The legacy: Shortly before launching this campaign, Calvin Klein himself declared: “Jeans are sex. The tighter they are, the better they sell.” And sell they did. In the space of one year, Calvin Klein sold $70 million worth of jeans.

The company continued to release suggestive adverts starring the teenage Shields throughout the ’80s, with her eventually uttering the infamous line: “Want to know what comes between me and my Calvins? Nothing.” You don’t have to be a fashionista to know that tight jeans have been extremely popular ever since.


Milky Way (1989)

The advert: There have been many legendary races in our time: Usain Bolt vs Tyson Gay, Michael Phelps vs some other swimmer, Hoof Hearted vs Shakalakaboomboom. But none of these races have anything on the eternal struggle between The Red Car and The Blue Car. Beginning in 1989, these anthropomorphic vehicles tore through a cartoon caricature of the American South while a faux-country singer narrated their competition.

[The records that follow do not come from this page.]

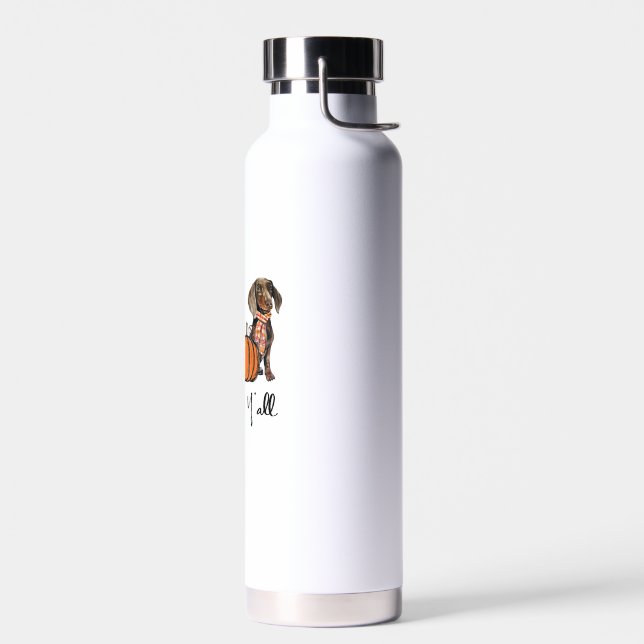 It's Fall Y'all Yellow Dachshund Dog Leopard Pumpk Water Bottle (Left)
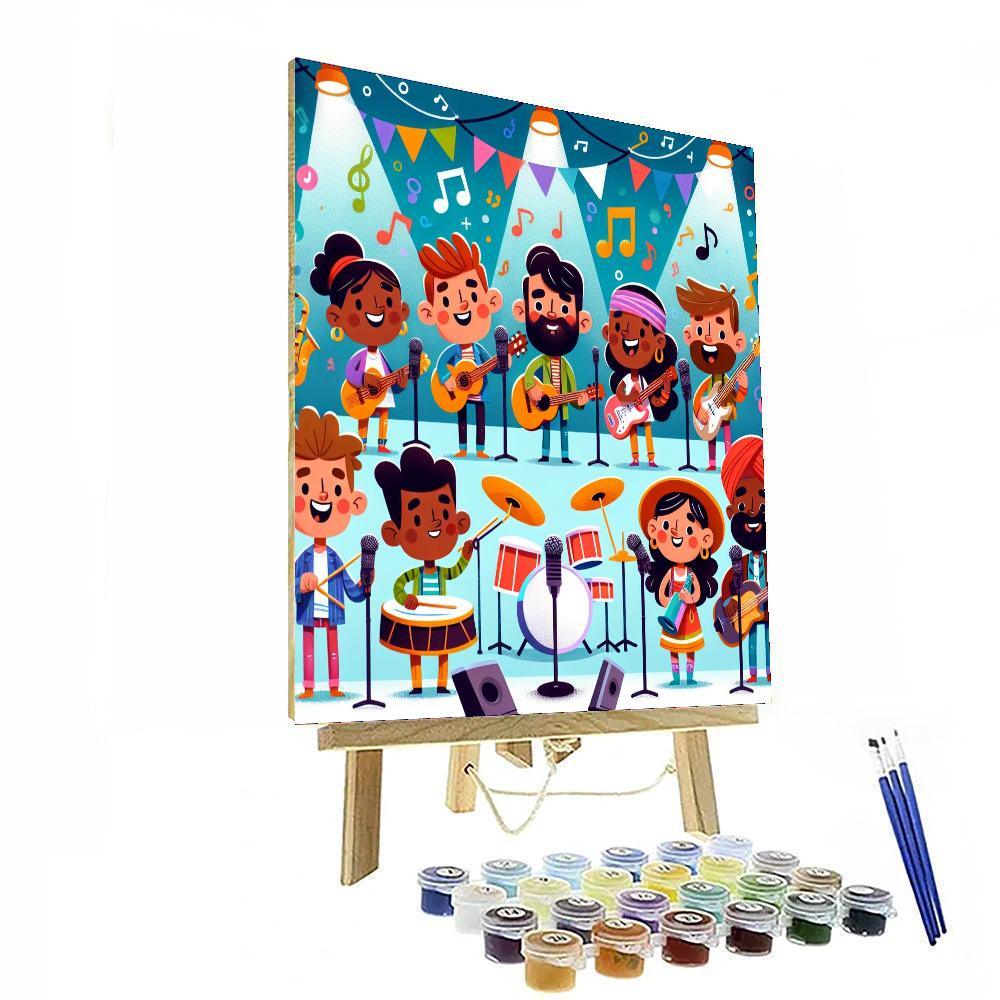 Funky Music Band Paint By Number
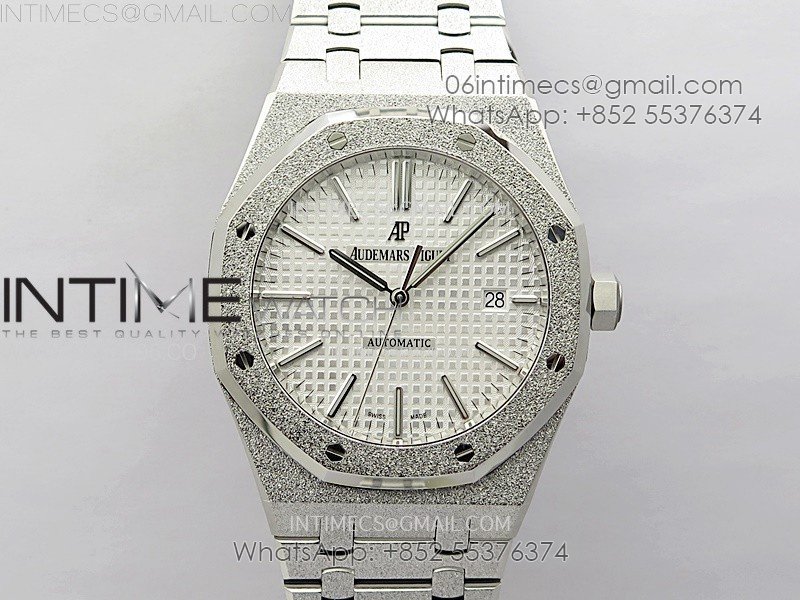 Royal Oak 41mm 15410 Frosted SS APSF 1:1 Best Edition White Textured Dial on SS Bracelet SA3120 Super Clone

Naturally the cars grew hungry during their race, and Red, fool that he was, decided to eat everything in sight. This included ‘prickly trees’ – by all accounts a terrible snack. Blue, on the other hand, snacked purely on Milky Way bars, giving him the ability to fly over a broken bridge.

The legacy: Twenty years later, this advert returned to our screens with nearly no changes at all. And Red, once again, made the stupid decision of choosing trees over Milky Ways. When will he ever learn?

The logic behind bringing this advert back was that it would prove to young chocolate fans that Milky Way was a long-loved, established brand. The logic behind the decision to show Milky Way bars as healthier than trucks and trees remains unknown. The number of forests saved after hungry viewers made the switch from snack trees to Milky Ways is also unknwon.


Levis (1985)

The advert: This is the one you’ve been waiting for. As we know from the mouth of Calvin Klein himself, jeans are sex. But it was still a surprise when Levis advertised their trousers by having model Nick Kamen take his off…

In the ad, Kamen enters a laundrette and fellow patrons can somehow sense something is going to happen. As he stands in front of a washing machine, a mother pulls away her two boys, as if she knows what Kamen is about to do. Maybe he’s a regular there. He fills the machine with stones (to ‘stonewash’ the jeans), then he takes off his shirt and puts it in the machine. Behind him (in perhaps the most ’80s moment of any advertisement) a woman removes the blue and red 3D glasses she was using to read a magazine and ogles Kamen’s loose-fitting white boxers.

The graphic ‘The Original Shrink to Fit Jeans’ comes up at the end. A clear dig at Calvins.

The legacy: The advert commonly reaches the top of the Best Advert of All Time polls. People enjoyed singing ‘I Heard It Through the Grapevine’ every time they took off their jeans for a while. Levis continued to charge a ridiculous amount for their clothing.


1980s ads in a nutshell

As we’ve seen, adverts from the 1980s fall into one of two camps: super-sexualized clips for adults or animated fun for kids. Cartoon or carnal – adverts were eye candy, whether or not they were actually advertising sugary snacks.